The disclosure of a witness’s digital communications continues to receive the attention of the courts. Such circumstances mostly arise in the context of alleged sexual offences. The complainant may be reluctant to allow access to material that may be irrelevant but highly personal. Even so, the defence will press for access on the basis that the material will undermine the prosecution case.

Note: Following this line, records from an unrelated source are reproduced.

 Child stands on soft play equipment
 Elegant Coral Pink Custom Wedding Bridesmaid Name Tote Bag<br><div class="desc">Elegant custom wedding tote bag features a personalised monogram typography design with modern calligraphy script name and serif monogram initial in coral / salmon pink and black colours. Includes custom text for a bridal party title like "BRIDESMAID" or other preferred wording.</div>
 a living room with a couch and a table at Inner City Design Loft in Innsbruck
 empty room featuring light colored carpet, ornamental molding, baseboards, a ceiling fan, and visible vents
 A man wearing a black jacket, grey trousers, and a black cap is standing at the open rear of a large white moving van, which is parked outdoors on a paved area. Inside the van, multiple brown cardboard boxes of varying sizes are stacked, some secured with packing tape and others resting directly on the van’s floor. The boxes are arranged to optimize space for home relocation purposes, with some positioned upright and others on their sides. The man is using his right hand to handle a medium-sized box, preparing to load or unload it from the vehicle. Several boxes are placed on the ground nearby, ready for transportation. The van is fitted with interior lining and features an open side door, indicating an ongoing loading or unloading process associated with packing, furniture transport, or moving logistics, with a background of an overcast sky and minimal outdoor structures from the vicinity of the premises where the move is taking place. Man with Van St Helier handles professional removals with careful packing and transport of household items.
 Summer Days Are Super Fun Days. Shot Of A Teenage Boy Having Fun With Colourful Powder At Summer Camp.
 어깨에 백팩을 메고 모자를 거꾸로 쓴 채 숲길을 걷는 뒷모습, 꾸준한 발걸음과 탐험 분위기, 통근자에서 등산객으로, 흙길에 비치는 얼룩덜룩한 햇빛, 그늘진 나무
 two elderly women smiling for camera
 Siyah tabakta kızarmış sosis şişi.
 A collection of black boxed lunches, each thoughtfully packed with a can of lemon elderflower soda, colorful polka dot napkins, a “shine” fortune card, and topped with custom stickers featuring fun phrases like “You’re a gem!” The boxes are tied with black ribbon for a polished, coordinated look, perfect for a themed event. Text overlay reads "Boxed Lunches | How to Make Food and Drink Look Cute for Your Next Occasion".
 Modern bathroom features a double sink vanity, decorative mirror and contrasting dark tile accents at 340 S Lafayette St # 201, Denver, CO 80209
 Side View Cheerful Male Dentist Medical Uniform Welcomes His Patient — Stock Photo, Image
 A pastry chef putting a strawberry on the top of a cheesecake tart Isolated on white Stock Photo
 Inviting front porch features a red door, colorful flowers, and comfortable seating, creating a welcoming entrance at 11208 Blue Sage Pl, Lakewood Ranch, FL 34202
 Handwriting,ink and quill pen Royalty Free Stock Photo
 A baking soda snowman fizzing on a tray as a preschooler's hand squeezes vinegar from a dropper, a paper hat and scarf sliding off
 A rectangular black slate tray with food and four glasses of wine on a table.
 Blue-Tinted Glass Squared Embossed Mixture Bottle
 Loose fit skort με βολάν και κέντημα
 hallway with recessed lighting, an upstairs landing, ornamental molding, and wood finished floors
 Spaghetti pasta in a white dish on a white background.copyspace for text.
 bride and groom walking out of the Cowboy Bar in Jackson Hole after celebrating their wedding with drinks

In R v Carl Bater-James and Sultan Mohammed EWCA Crim 790, the Court of Appeal set out four principles that should be applied in determining whether there is a need for such disclosure. First, is it necessary for investigators to seek details of such communications and then necessary to disclose such details to which the investigators have access? This will not be necessary in every case. Second, if necessary, how should the review of those communications be conducted? It may not be necessary to take the electronic device itself. Third, what reassurance can be provided to the complainant as to the scope of the review and the circumstances of any disclosure of any relevant material? The complainant must be kept informed and told of what is to be extracted and examined, and what is to be disclosed. Fourth, what is the consequence if the complainant refuses to permit access to a potentially relevant device, either by ‘download’ or permitting viewing? Similarly, what are the consequences if the complainant deletes relevant material? The court must assess the impact of this and decide whether the trial process can compensate. Each case will be fact-specific. The judgment is worth reading in full.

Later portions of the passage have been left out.